Task to carry out ->
Scan the records below for the line with "frogner house apartments bygdoy alle 53" and the line with "3323 Kimberly Downs Road Property Photo 23", and retype that range exactly, both ends included, pictures excepted.

Data extracts ->

Start of Block

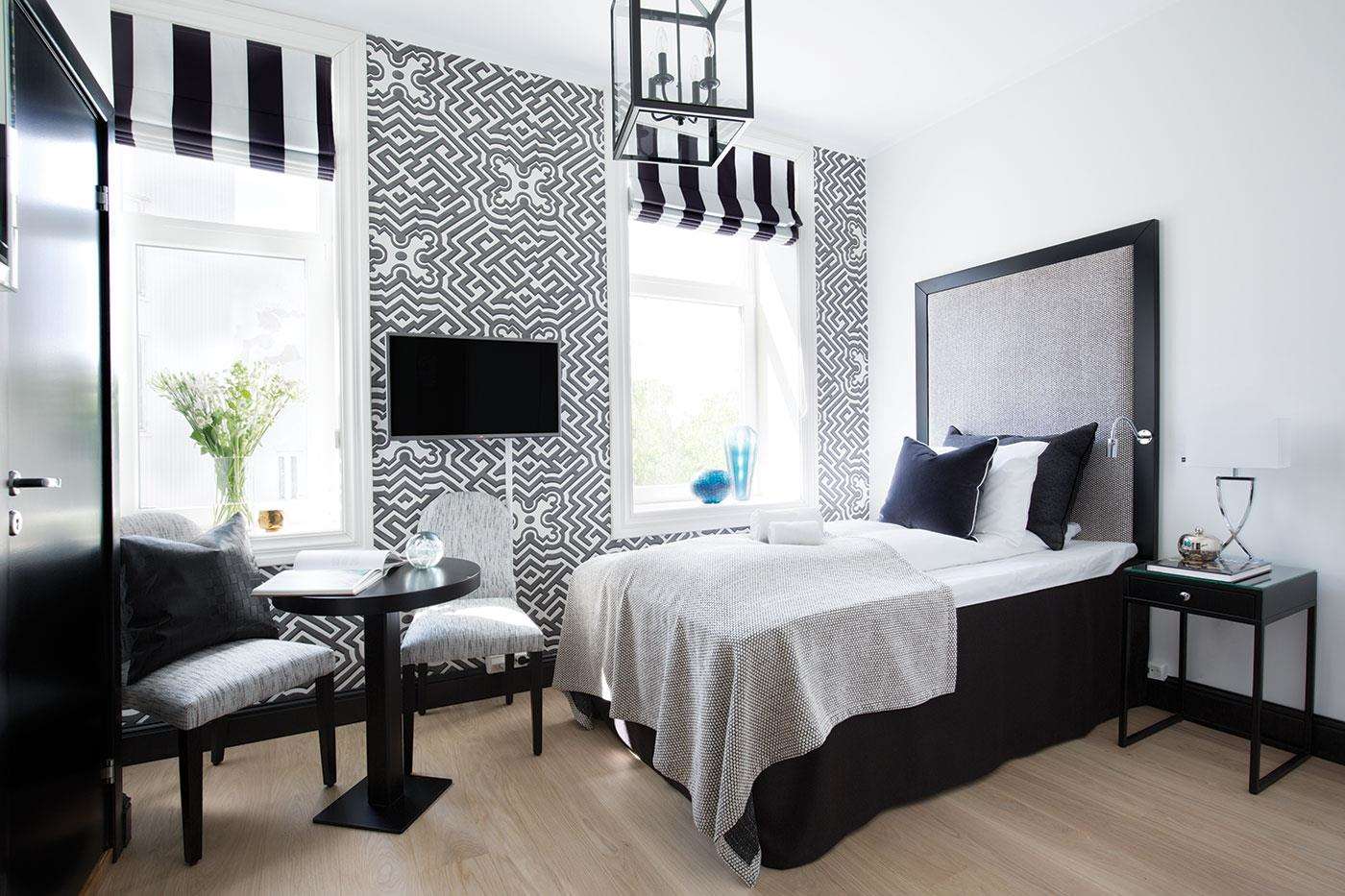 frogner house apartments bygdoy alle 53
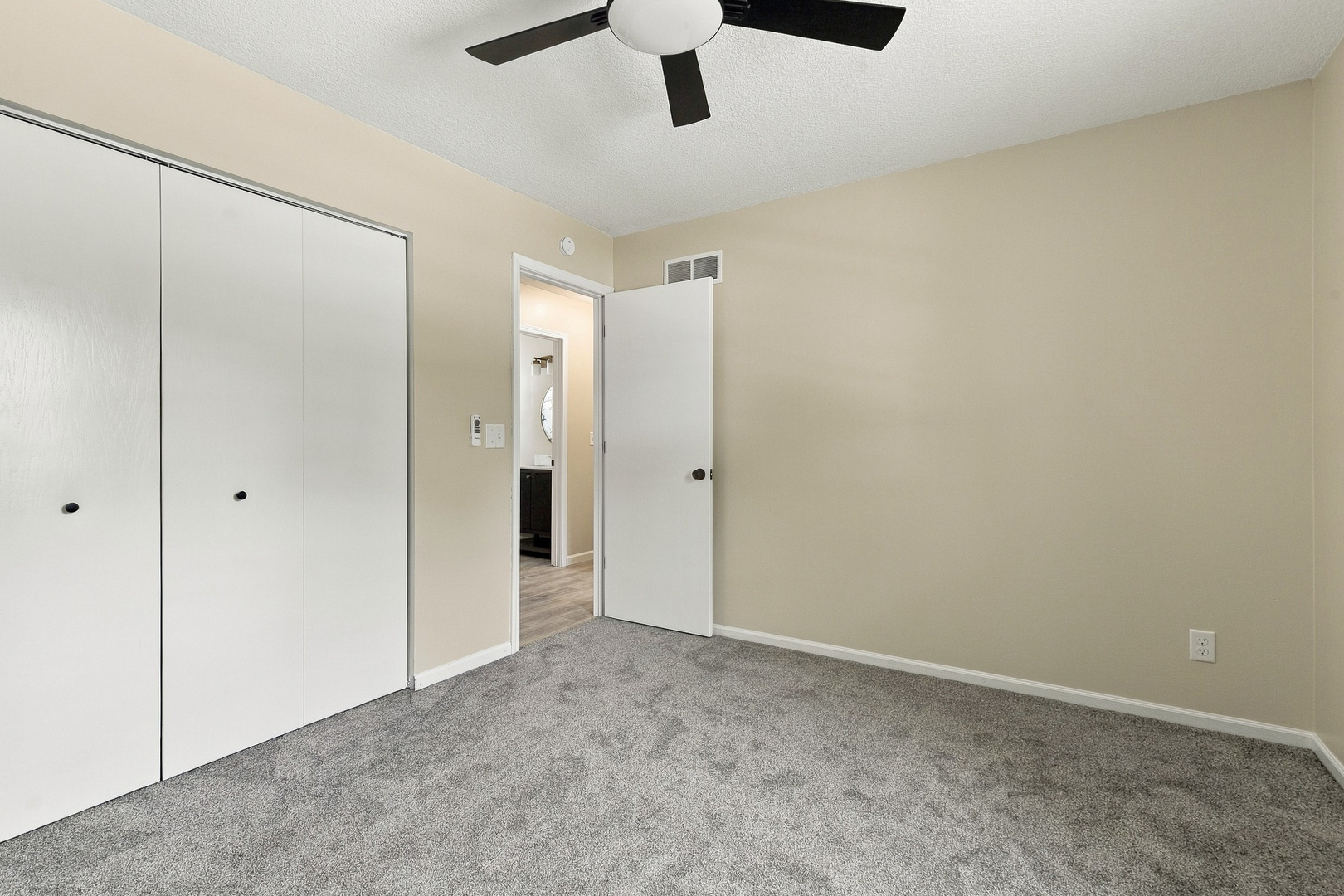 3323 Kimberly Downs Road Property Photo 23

End of Block
Start of Block

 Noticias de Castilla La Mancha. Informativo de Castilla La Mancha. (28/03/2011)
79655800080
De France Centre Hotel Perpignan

End of Block
Start of Block

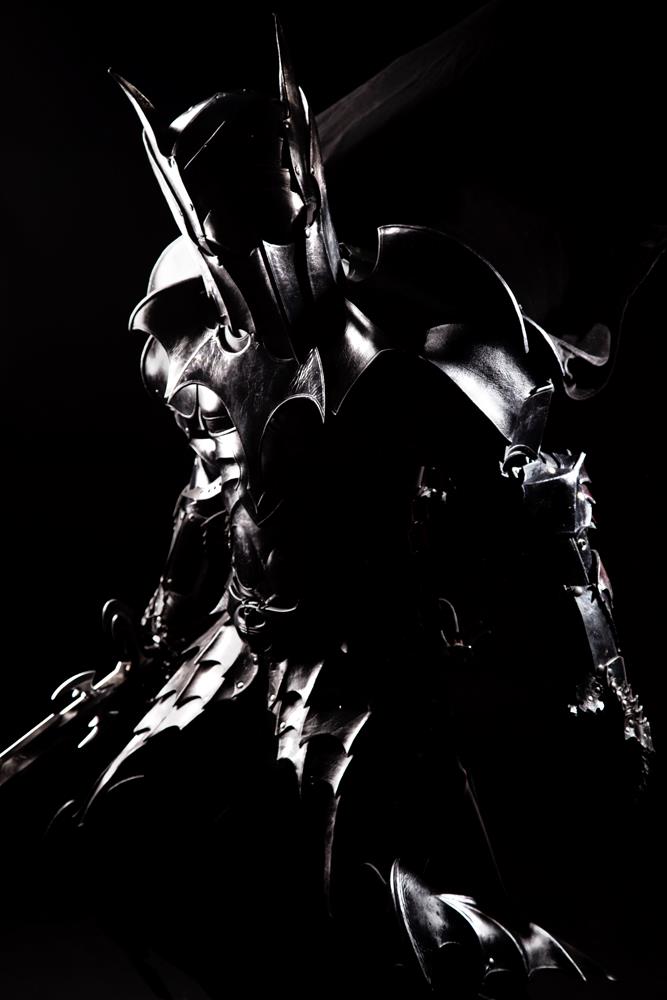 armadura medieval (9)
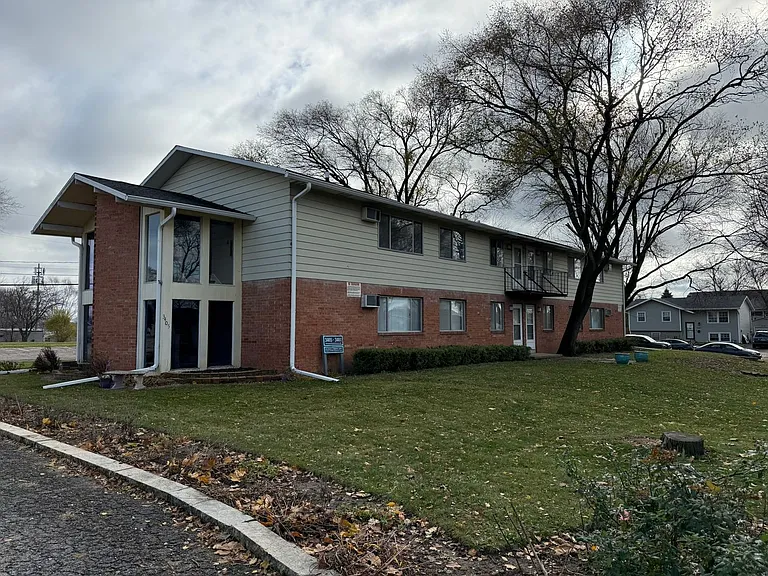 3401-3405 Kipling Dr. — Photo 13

End of Block

Output ->
 frogner house apartments bygdoy alle 53
 3323 Kimberly Downs Road Property Photo 23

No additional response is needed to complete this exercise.